WHAT TO DO => All of the entries are to be restated word for word.

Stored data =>
+===+
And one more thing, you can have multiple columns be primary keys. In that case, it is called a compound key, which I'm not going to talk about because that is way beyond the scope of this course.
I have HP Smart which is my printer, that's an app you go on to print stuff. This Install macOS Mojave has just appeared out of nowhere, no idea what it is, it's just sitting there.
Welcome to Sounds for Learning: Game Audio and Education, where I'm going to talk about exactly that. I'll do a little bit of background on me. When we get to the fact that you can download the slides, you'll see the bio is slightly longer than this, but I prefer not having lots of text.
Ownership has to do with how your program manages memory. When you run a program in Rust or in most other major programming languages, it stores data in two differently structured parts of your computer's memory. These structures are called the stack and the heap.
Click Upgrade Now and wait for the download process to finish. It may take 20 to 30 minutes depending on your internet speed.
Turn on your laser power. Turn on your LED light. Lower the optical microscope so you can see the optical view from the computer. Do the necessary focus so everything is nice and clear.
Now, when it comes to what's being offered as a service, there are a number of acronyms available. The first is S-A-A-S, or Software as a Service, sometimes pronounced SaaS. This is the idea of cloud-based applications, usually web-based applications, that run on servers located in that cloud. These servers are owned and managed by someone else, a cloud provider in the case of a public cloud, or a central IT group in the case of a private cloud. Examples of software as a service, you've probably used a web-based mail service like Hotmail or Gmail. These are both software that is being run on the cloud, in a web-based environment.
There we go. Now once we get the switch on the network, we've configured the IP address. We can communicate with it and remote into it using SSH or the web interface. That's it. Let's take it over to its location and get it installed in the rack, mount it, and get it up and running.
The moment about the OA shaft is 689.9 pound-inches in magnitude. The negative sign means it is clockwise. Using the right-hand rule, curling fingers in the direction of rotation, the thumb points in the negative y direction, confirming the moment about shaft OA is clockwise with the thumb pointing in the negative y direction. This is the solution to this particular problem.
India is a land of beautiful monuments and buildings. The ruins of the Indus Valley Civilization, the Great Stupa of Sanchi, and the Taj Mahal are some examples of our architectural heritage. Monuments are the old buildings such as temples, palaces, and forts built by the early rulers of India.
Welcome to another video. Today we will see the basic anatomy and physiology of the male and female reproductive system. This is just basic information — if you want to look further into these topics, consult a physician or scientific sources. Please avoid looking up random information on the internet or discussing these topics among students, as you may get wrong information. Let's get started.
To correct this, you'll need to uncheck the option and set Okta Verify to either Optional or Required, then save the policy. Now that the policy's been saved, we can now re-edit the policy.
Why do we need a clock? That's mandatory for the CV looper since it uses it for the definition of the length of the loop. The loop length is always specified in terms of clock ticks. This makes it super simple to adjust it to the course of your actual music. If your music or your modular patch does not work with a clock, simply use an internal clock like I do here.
+===+
TASK OUTPUT =>
And one more thing, you can have multiple columns be primary keys. In that case, it is called a compound key, which I'm not going to talk about because that is way beyond the scope of this course.
I have HP Smart which is my printer, that's an app you go on to print stuff. This Install macOS Mojave has just appeared out of nowhere, no idea what it is, it's just sitting there.
Welcome to Sounds for Learning: Game Audio and Education, where I'm going to talk about exactly that. I'll do a little bit of background on me. When we get to the fact that you can download the slides, you'll see the bio is slightly longer than this, but I prefer not having lots of text.
Ownership has to do with how your program manages memory. When you run a program in Rust or in most other major programming languages, it stores data in two differently structured parts of your computer's memory. These structures are called the stack and the heap.
Click Upgrade Now and wait for the download process to finish. It may take 20 to 30 minutes depending on your internet speed.
Turn on your laser power. Turn on your LED light. Lower the optical microscope so you can see the optical view from the computer. Do the necessary focus so everything is nice and clear.
Now, when it comes to what's being offered as a service, there are a number of acronyms available. The first is S-A-A-S, or Software as a Service, sometimes pronounced SaaS. This is the idea of cloud-based applications, usually web-based applications, that run on servers located in that cloud. These servers are owned and managed by someone else, a cloud provider in the case of a public cloud, or a central IT group in the case of a private cloud. Examples of software as a service, you've probably used a web-based mail service like Hotmail or Gmail. These are both software that is being run on the cloud, in a web-based environment.
There we go. Now once we get the switch on the network, we've configured the IP address. We can communicate with it and remote into it using SSH or the web interface. That's it. Let's take it over to its location and get it installed in the rack, mount it, and get it up and running.
The moment about the OA shaft is 689.9 pound-inches in magnitude. The negative sign means it is clockwise. Using the right-hand rule, curling fingers in the direction of rotation, the thumb points in the negative y direction, confirming the moment about shaft OA is clockwise with the thumb pointing in the negative y direction. This is the solution to this particular problem.
India is a land of beautiful monuments and buildings. The ruins of the Indus Valley Civilization, the Great Stupa of Sanchi, and the Taj Mahal are some examples of our architectural heritage. Monuments are the old buildings such as temples, palaces, and forts built by the early rulers of India.
Welcome to another video. Today we will see the basic anatomy and physiology of the male and female reproductive system. This is just basic information — if you want to look further into these topics, consult a physician or scientific sources. Please avoid looking up random information on the internet or discussing these topics among students, as you may get wrong information. Let's get started.
To correct this, you'll need to uncheck the option and set Okta Verify to either Optional or Required, then save the policy. Now that the policy's been saved, we can now re-edit the policy.
Why do we need a clock? That's mandatory for the CV looper since it uses it for the definition of the length of the loop. The loop length is always specified in terms of clock ticks. This makes it super simple to adjust it to the course of your actual music. If your music or your modular patch does not work with a clock, simply use an internal clock like I do here.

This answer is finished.